Skip every picture, and copy exactly the lines from the one containing "emily villamil online" to the end of the data.

Records for this exercise: Begin

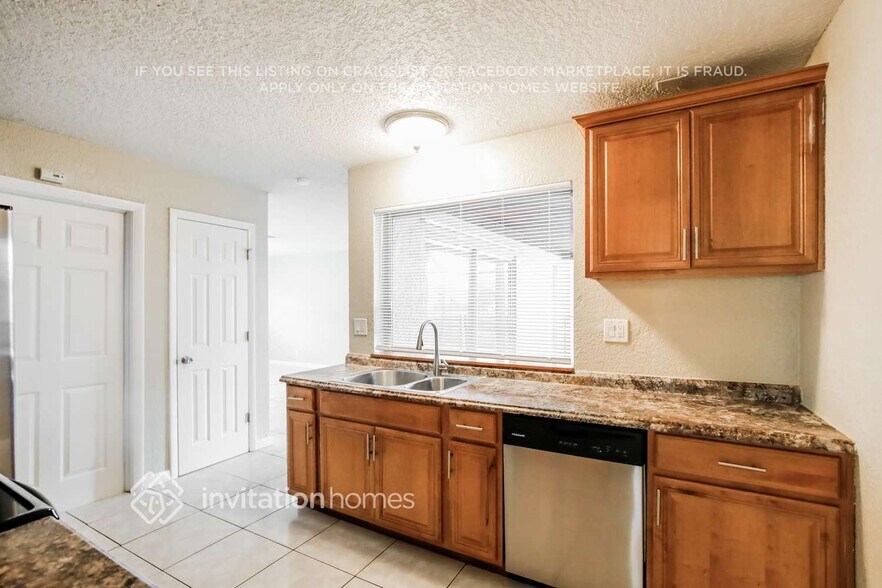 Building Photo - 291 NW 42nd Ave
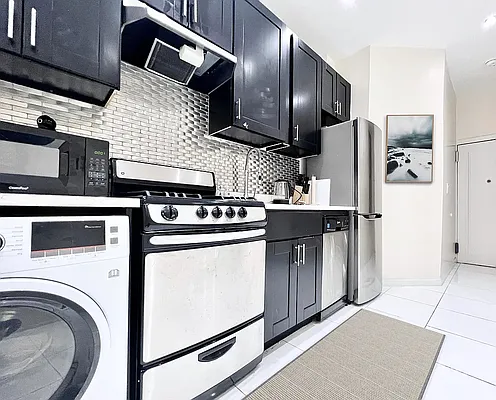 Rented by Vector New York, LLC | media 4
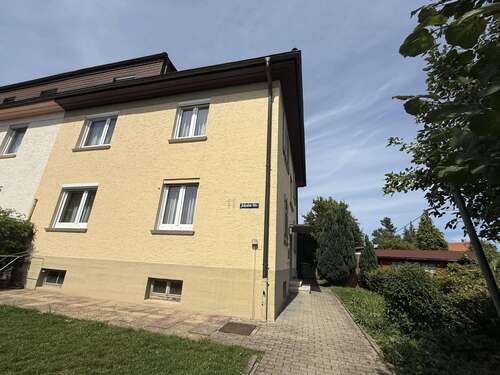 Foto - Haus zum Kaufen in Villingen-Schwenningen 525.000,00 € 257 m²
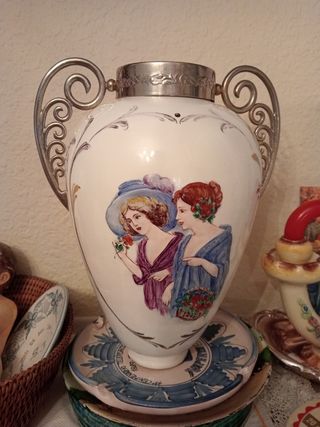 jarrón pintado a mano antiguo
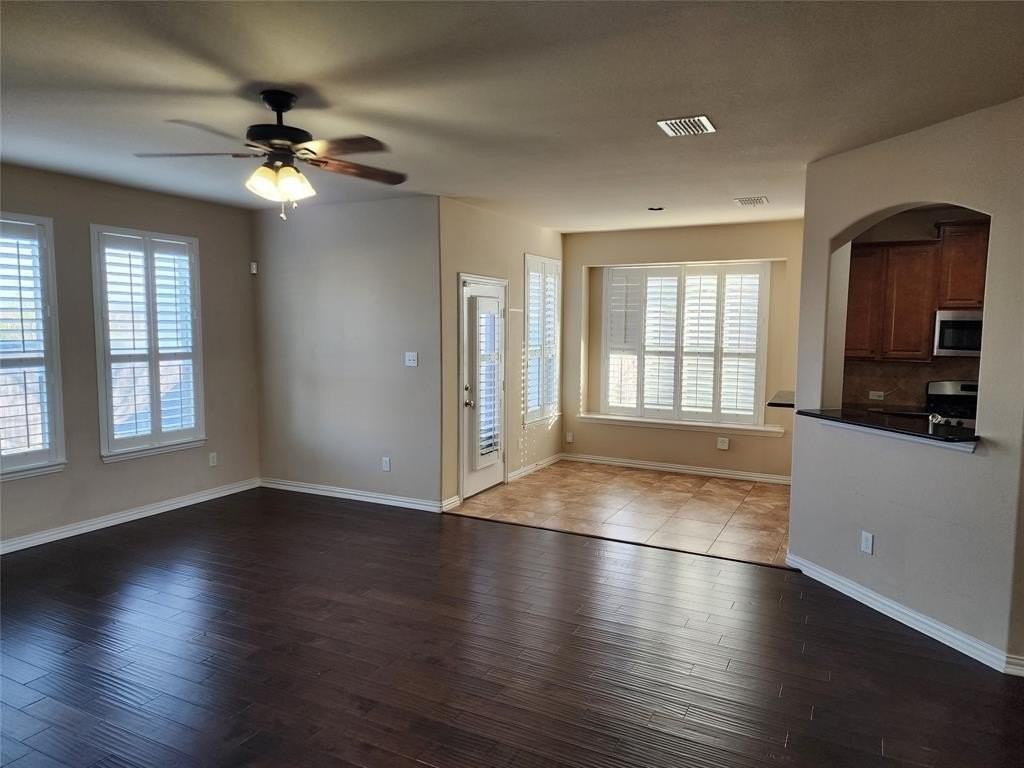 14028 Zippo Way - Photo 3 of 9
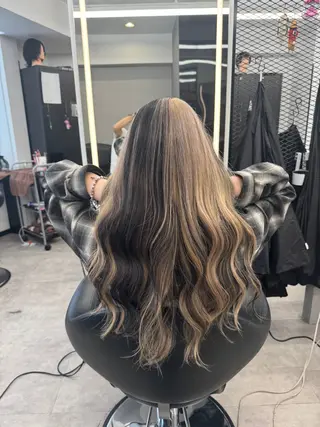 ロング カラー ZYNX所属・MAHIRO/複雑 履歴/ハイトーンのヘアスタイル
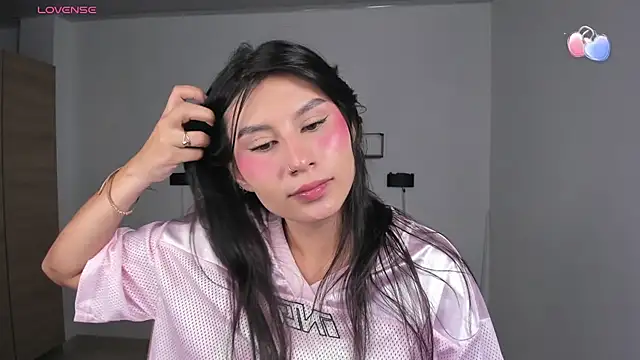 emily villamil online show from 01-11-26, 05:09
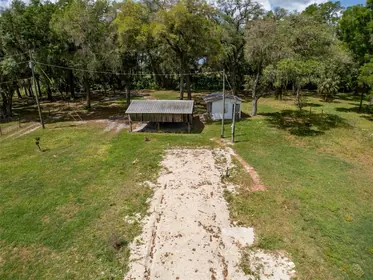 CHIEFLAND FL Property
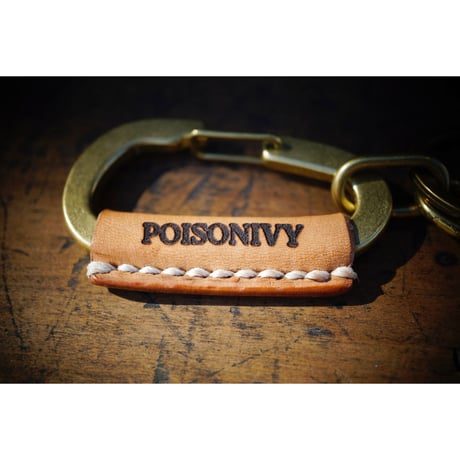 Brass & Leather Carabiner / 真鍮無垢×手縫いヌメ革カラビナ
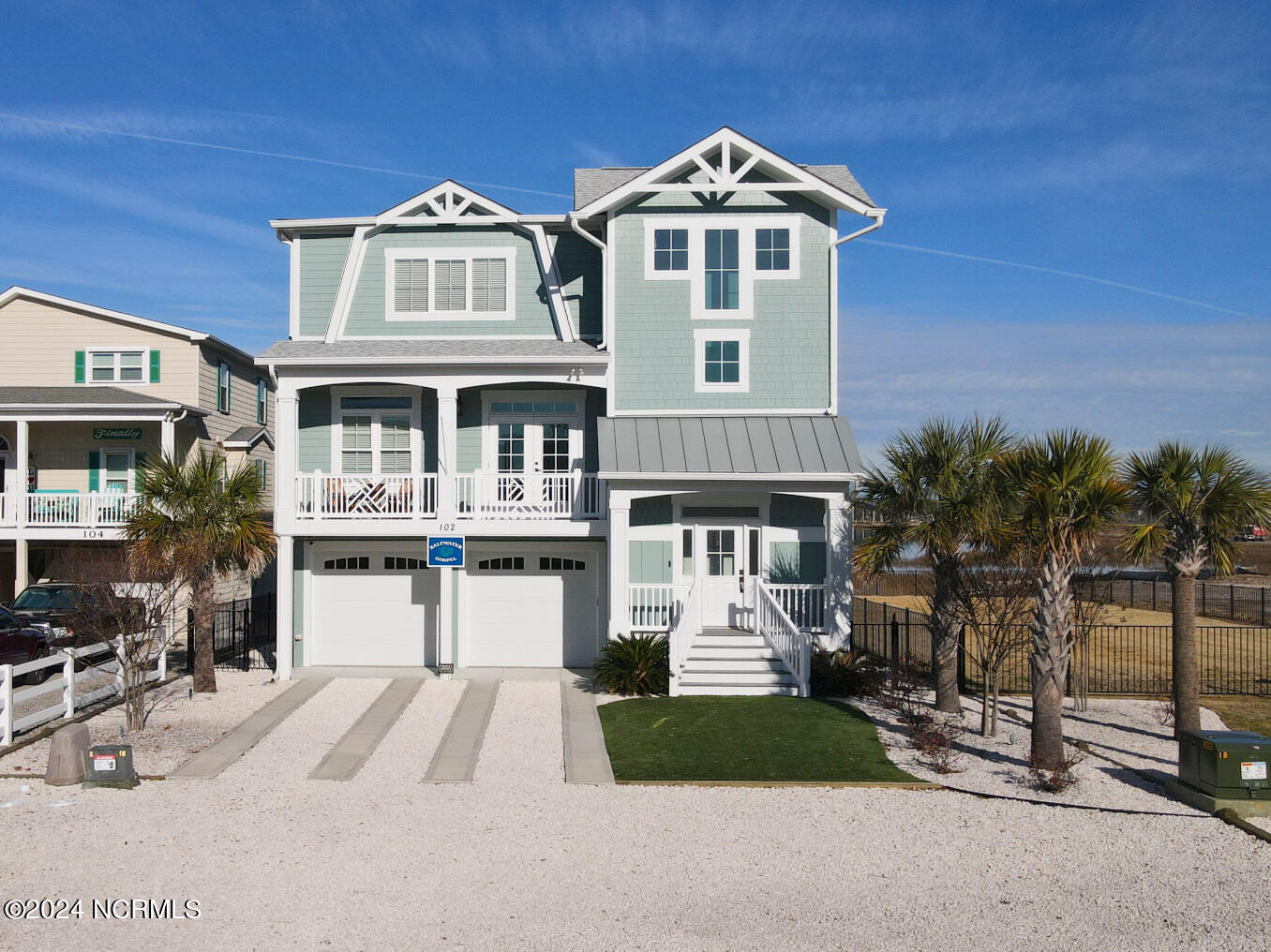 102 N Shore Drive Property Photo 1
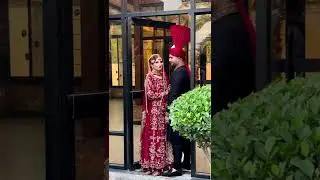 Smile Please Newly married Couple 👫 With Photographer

Records for this exercise: End

Answer box:
 emily villamil online show from 01-11-26, 05:09
 CHIEFLAND FL Property
 Brass & Leather Carabiner / 真鍮無垢×手縫いヌメ革カラビナ
 102 N Shore Drive Property Photo 1
 Smile Please Newly married Couple 👫 With Photographer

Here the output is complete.